**Problem requirements:**
Lines to restate from the data below: from the one containing "Heated Seats for 2023 Ford F-150 #3" to the one containing "GrassGuard™ | Trim weeds & grass in no time!", both included. Give them again exactly, and only them.

**Records excerpted from a collection:**
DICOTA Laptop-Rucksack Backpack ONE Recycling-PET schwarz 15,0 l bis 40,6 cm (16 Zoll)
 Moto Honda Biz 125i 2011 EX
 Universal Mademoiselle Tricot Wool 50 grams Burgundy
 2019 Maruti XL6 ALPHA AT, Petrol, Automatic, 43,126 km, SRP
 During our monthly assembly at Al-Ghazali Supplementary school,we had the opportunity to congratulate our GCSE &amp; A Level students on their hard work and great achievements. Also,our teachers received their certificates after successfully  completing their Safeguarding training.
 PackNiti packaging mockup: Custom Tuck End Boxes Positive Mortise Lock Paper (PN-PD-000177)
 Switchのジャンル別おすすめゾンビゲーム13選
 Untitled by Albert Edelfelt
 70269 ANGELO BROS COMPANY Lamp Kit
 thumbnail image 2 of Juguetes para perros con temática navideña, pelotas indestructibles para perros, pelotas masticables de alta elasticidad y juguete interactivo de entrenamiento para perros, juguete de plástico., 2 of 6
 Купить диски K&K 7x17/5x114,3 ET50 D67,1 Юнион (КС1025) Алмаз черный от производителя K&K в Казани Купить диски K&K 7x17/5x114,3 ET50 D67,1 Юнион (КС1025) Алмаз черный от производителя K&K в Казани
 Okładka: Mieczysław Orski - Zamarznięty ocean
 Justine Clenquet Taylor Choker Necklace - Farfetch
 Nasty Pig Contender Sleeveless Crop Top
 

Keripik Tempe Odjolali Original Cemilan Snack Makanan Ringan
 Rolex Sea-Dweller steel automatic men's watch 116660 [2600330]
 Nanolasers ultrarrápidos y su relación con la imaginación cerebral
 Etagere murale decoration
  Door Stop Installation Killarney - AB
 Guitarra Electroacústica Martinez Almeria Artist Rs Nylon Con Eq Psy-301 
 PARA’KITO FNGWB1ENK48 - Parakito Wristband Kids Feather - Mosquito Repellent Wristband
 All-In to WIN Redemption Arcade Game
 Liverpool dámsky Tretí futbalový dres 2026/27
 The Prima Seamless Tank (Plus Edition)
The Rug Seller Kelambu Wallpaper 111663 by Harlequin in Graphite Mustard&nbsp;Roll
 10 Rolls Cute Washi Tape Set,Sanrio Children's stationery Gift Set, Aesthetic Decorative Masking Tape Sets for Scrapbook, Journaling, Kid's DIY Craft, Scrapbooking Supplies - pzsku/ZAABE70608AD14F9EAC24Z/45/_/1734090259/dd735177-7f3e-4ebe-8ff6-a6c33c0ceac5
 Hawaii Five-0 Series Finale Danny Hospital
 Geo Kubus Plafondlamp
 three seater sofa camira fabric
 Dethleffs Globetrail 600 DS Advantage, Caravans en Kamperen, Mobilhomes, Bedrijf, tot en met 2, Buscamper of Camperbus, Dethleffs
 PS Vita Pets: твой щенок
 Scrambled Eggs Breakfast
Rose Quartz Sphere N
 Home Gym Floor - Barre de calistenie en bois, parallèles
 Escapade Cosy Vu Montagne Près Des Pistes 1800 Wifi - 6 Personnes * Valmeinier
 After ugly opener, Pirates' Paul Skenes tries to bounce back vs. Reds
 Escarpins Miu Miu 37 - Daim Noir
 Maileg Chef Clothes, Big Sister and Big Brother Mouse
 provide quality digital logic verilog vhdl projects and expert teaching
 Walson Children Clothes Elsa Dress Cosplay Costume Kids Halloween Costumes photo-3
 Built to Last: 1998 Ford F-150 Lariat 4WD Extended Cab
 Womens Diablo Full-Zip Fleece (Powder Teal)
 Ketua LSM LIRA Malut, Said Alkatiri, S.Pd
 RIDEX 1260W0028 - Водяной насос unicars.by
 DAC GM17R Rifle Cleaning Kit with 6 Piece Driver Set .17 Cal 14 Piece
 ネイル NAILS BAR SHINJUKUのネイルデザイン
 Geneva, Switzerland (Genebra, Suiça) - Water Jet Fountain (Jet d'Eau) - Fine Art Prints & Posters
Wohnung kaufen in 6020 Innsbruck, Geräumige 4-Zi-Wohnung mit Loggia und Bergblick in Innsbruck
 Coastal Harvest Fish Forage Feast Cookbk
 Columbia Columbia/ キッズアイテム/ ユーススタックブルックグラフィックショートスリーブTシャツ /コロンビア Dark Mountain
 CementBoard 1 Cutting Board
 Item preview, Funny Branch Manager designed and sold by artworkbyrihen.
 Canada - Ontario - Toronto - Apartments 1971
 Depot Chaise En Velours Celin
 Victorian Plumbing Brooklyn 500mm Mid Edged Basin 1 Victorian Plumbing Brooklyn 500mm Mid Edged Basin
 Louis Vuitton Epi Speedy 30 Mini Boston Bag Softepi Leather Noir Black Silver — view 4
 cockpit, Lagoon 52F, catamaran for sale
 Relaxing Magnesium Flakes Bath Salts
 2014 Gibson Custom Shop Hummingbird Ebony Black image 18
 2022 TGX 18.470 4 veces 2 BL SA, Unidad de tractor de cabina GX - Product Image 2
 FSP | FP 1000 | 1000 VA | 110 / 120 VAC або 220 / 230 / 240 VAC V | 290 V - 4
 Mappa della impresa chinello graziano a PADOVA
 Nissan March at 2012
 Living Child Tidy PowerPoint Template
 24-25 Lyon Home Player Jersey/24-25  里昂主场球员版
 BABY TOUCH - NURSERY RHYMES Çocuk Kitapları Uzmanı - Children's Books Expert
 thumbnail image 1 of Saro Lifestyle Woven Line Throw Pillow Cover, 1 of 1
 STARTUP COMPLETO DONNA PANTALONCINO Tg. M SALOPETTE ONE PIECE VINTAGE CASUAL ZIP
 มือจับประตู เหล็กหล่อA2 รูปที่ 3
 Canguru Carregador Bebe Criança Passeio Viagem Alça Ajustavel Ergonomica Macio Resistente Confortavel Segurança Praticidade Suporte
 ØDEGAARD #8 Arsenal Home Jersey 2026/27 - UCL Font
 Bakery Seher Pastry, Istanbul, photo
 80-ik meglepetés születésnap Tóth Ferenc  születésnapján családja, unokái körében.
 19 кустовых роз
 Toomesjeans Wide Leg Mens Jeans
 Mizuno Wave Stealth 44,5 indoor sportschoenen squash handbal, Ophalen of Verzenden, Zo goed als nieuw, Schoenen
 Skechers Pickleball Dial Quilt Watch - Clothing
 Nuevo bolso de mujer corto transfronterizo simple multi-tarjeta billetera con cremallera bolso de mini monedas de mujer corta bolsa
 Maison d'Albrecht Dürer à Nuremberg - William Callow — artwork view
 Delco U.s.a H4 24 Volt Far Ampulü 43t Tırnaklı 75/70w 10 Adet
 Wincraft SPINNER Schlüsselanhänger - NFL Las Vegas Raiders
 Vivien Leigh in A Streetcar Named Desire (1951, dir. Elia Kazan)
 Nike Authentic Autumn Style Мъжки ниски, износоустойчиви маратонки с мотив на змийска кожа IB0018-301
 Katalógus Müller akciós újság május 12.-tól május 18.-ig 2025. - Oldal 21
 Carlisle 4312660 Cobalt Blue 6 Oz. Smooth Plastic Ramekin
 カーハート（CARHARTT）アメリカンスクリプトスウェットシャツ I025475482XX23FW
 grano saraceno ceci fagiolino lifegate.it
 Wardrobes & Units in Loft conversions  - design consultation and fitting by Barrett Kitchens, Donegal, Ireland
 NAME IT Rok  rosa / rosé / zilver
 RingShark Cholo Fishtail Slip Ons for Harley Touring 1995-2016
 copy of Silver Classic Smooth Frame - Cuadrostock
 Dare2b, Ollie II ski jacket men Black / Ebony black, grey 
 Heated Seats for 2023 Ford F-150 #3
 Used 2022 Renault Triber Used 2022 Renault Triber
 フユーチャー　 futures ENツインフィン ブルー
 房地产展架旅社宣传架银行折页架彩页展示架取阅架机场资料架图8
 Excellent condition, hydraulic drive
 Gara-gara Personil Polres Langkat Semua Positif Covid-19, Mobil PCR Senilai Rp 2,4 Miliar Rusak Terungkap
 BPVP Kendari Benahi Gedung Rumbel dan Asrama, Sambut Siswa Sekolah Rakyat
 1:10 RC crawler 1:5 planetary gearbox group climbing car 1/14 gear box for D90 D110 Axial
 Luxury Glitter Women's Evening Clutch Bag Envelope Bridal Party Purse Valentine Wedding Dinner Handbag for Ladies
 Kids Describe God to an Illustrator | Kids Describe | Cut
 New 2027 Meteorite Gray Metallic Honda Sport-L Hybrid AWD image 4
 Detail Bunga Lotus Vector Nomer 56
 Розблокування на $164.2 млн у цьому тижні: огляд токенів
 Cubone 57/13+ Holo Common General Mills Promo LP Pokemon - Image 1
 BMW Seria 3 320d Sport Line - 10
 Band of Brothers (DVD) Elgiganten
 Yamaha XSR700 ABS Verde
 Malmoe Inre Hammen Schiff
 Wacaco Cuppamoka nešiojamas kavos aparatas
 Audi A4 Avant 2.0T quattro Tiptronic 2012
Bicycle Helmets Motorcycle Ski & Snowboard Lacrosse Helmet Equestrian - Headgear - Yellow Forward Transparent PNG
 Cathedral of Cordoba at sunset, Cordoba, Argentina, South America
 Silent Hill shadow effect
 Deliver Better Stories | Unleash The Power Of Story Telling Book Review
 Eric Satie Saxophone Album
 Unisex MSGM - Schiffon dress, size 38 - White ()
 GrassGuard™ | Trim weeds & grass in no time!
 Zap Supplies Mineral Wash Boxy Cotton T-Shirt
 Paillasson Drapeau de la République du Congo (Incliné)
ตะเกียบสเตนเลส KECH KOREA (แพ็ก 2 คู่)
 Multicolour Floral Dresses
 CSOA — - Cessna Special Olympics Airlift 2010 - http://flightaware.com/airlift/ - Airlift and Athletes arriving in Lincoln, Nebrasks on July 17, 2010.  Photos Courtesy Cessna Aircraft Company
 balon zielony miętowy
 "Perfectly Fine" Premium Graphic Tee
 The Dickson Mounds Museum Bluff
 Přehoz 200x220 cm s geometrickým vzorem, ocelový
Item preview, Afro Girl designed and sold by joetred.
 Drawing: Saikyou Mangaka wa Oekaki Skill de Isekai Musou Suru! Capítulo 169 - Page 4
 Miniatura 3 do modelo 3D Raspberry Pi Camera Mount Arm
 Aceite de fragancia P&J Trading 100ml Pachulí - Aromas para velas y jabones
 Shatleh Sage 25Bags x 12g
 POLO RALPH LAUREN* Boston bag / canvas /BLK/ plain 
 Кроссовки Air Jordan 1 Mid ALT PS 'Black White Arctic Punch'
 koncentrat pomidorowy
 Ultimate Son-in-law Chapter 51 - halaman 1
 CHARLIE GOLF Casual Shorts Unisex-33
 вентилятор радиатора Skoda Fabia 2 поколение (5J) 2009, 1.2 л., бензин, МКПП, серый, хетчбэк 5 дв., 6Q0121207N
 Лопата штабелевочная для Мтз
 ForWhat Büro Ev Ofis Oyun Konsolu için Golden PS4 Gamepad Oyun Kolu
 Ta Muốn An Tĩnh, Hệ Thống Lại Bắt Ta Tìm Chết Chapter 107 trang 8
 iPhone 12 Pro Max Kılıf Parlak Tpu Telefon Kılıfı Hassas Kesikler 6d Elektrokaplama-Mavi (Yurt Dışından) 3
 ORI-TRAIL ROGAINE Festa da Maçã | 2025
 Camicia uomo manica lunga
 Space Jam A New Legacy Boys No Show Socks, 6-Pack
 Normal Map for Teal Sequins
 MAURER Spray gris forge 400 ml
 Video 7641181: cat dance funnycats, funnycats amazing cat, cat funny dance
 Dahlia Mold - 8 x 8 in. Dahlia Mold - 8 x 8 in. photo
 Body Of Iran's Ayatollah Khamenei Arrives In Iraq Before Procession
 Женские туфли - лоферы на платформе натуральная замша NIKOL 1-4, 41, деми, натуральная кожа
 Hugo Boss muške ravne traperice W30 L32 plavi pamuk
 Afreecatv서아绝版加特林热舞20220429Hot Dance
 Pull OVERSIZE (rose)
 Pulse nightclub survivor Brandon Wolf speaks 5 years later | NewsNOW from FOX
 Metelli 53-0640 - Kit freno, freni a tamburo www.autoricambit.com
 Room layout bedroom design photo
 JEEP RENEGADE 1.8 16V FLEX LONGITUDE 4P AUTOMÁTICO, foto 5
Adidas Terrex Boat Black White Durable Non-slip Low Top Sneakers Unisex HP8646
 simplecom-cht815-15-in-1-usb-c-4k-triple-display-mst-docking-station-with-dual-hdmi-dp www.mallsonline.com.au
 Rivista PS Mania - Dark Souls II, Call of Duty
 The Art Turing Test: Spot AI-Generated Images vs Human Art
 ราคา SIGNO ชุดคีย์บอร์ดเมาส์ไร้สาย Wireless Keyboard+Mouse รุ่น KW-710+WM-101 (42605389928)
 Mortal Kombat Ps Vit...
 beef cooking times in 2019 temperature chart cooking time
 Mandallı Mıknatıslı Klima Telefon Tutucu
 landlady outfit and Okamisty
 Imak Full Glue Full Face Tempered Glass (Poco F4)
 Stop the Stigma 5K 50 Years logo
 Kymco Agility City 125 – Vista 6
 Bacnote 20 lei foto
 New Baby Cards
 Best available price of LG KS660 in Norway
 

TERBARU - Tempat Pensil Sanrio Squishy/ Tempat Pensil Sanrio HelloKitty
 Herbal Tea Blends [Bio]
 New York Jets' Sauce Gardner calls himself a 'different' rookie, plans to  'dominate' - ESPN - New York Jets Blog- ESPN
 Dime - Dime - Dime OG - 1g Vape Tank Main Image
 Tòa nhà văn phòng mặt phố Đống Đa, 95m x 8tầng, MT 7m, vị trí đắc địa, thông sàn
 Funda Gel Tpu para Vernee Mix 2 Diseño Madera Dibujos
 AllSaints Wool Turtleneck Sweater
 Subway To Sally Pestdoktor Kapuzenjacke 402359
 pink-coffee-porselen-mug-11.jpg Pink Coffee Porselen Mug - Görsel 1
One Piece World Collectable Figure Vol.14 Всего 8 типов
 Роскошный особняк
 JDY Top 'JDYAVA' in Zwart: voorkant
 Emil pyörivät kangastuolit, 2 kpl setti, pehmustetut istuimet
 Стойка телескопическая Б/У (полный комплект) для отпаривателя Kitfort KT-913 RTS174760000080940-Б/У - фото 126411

**Response to this task:**
 Heated Seats for 2023 Ford F-150 #3
 Used 2022 Renault Triber Used 2022 Renault Triber
 フユーチャー　 futures ENツインフィン ブルー
 房地产展架旅社宣传架银行折页架彩页展示架取阅架机场资料架图8
 Excellent condition, hydraulic drive
 Gara-gara Personil Polres Langkat Semua Positif Covid-19, Mobil PCR Senilai Rp 2,4 Miliar Rusak Terungkap
 BPVP Kendari Benahi Gedung Rumbel dan Asrama, Sambut Siswa Sekolah Rakyat
 1:10 RC crawler 1:5 planetary gearbox group climbing car 1/14 gear box for D90 D110 Axial
 Luxury Glitter Women's Evening Clutch Bag Envelope Bridal Party Purse Valentine Wedding Dinner Handbag for Ladies
 Kids Describe God to an Illustrator | Kids Describe | Cut
 New 2027 Meteorite Gray Metallic Honda Sport-L Hybrid AWD image 4
 Detail Bunga Lotus Vector Nomer 56
 Розблокування на $164.2 млн у цьому тижні: огляд токенів
 Cubone 57/13+ Holo Common General Mills Promo LP Pokemon - Image 1
 BMW Seria 3 320d Sport Line - 10
 Band of Brothers (DVD) Elgiganten
 Yamaha XSR700 ABS Verde
 Malmoe Inre Hammen Schiff
 Wacaco Cuppamoka nešiojamas kavos aparatas
 Audi A4 Avant 2.0T quattro Tiptronic 2012
Bicycle Helmets Motorcycle Ski & Snowboard Lacrosse Helmet Equestrian - Headgear - Yellow Forward Transparent PNG
 Cathedral of Cordoba at sunset, Cordoba, Argentina, South America
 Silent Hill shadow effect
 Deliver Better Stories | Unleash The Power Of Story Telling Book Review
 Eric Satie Saxophone Album
 Unisex MSGM - Schiffon dress, size 38 - White ()
 GrassGuard™ | Trim weeds & grass in no time!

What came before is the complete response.